EXERCISE DETAILS:
No pictures, please: print exactly the lines from the one that contains "NYT-New-York-Times-Games-Connections-July-18-2025-Answers" through the last line of the listing.

DATA PROVIDED: Begin

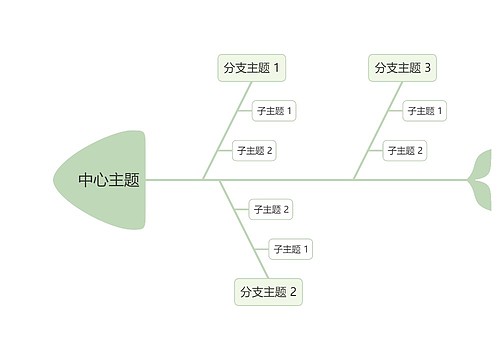 莫兰迪清新绿色鱼骨图模板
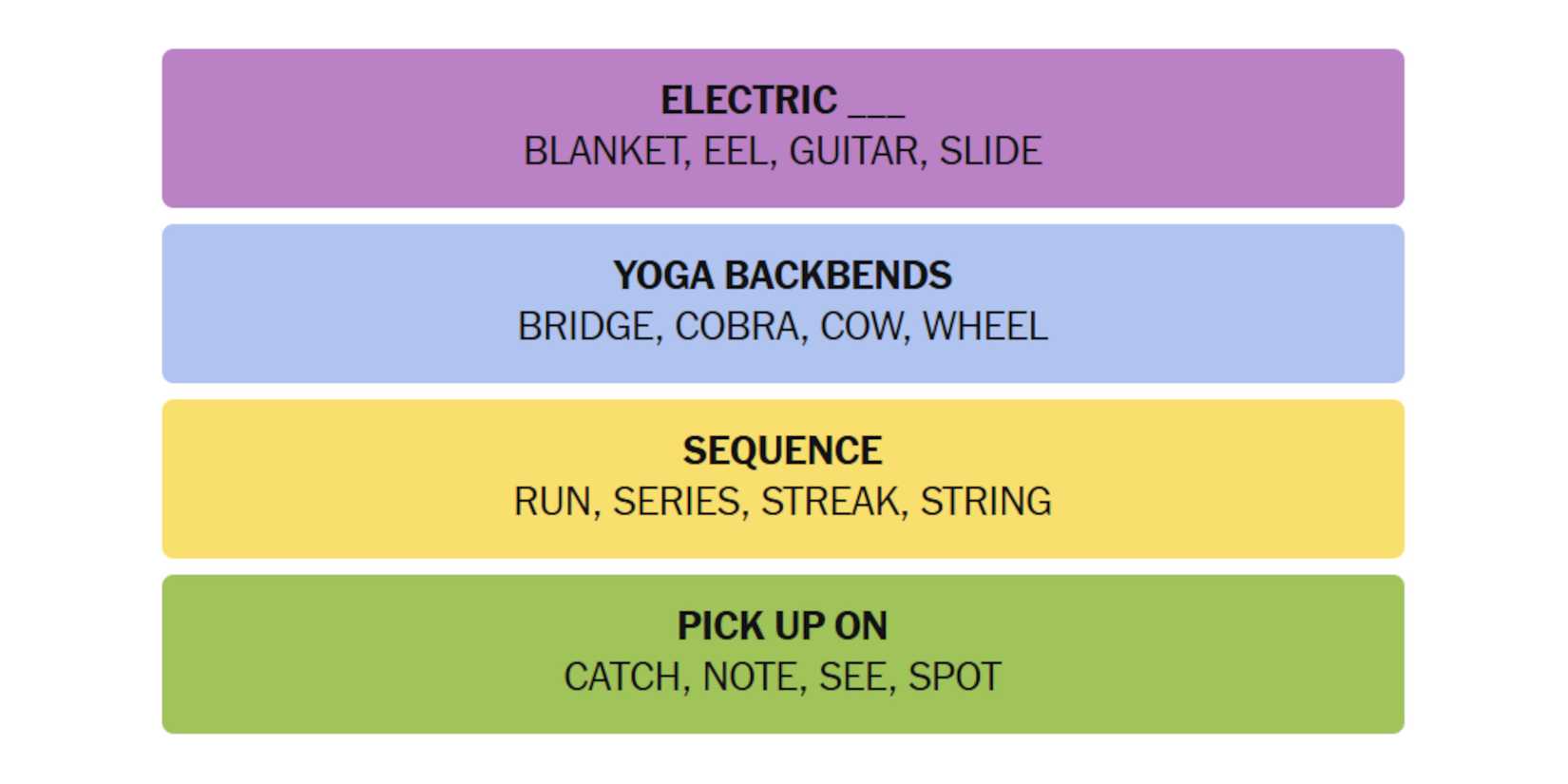 NYT-New-York-Times-Games-Connections-July-18-2025-Answers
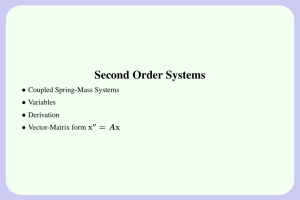 Second Order Systems • x = Ax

DATA PROVIDED: End

ANSWER TO THE PROBLEM:
 NYT-New-York-Times-Games-Connections-July-18-2025-Answers
 Second Order Systems • x = Ax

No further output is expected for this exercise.